The movement of foreign fighters to the Islamic State group — largely consisting of alienated, angry or simply war-hungry young Muslims — has been covered extensively since the group tore across Iraq in June, capturing Mosul, threatening Baghdad and massacring prisoners. The arrival of entire families, many but not all of them Turkish, has received less attention.
"It’s about fundamentalism," said Han, a professor of international relations at Istanbul’s Kadir Has University. The Islamic State group’s uncompromising interpretation of Islam promises parents the opportunity to raise their children free from any secular influence.
"It’s a confined and trustable environment for living out your religion," Han said. "It kind of becomes a false heaven."
Ummi Abdullah’s journey to radical Islam was born of loneliness and resentment. Born Svetlana Hasanova, she converted to Islam after marrying Aktan six years ago. The pair met in Turkey when Hasanova, still a teenager, came to Istanbul with her mother to buy textiles.

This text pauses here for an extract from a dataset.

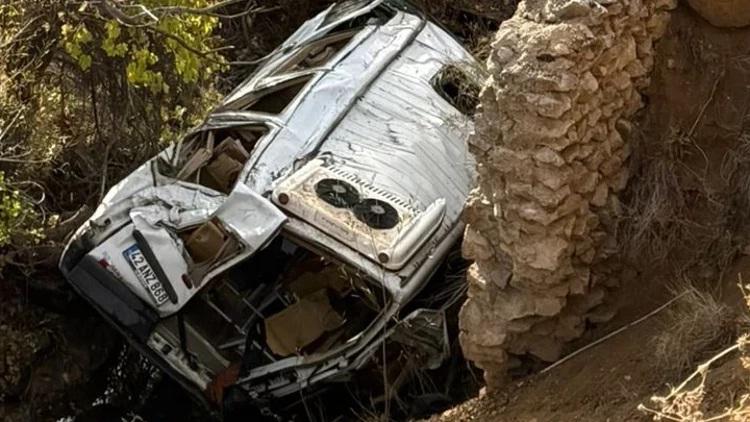 Konyada şagirdləri daşıyan avtobus uçuruma yuvarlandı - 14 nəfər yaralandı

Aktan, speaking from his lawyer’s office in Istanbul, said the relationship worked at first.
"Before we were married we were swimming in the sea, in the pool, and in the evening we would sit down and eat fish and drink wine. That’s how it was," he said, holding a photograph of the two of them, both looking radiant in a well-manicured garden. "But after the kid was born, little by little she started interpreting Islam in her own way."
Aktan said his wife became increasingly devout, covering her hair and praying frequently, often needling him to join in. He refused.
"Thank God, I’m a Muslim," he said. "But I’m not the kind of person who can pray five times a day."
Asked why she became engrossed in religion, Aktan acknowledged that his wife was lonely. But in Facebook messages to the AP, many typed out on a smartphone, Ummi Abdullah accused her husband of treating her "like a slave."
She alleged that Aktan pressured her to abort their child and said she felt isolated in Istanbul. "I had no friends," she said. "I was constantly belittled by him and his family. I was nobody in their eyes."
Aktan acknowledged initially asking his wife to terminate her pregnancy, saying she was too young to have children. But when she insisted on carrying the pregnancy to term, Aktan said he accepted her decision and loved the child.
Meanwhile Aktan’s wife was finding the companionship she yearned for online, chatting with jihadists and filling her Facebook page with religious exhortations and attacks on gays. In June, she and Aktan divorced. The next month, a day before her ex-husband was due to pick up their son for vacation, she left with the boy for Gaziantep, a Turkish town near the Syrian border. Aktan, who had been eavesdropping on her social media activity, alerted the authorities, but the pair managed to slip across.
Aktan says he hasn’t seen his son since.
It isn’t clear how many families have followed Umi Abdullah’s path, although anecdotal evidence suggests a powerful flow from Turkey into Syria. In Dilovasi, a heavily industrial town of 42,000 about halfway between Istanbul and the port city of Izmit, at least four people — including a pair of brothers — recently left for Syria, three local officials told AP. The officials, who spoke on condition of anonymity because they were not allowed to talk to the media, said that dozens of people from surrounding towns were believed to have left as well.
Aktan says he is in touch with other families in similar circumstances. He cited one case in the Turkish capital, Ankara, where 15 members of the same extended family had left for Syria "as if they’re going on vacation."
The Islamic State group appears eager to advertise itself as a family-friendly place. One promotional video shows a montage of Muslim fighters from around the world holding their children in Raqqa against the backdrop of an amusement park.
A man, identified in the footage as an American named Abu Abdurahman al-Trinidadi, holds an infant who has a toy machine gun strapped to his back.
"Look at all the little children," al-Trinidadi says. "They’re having fun."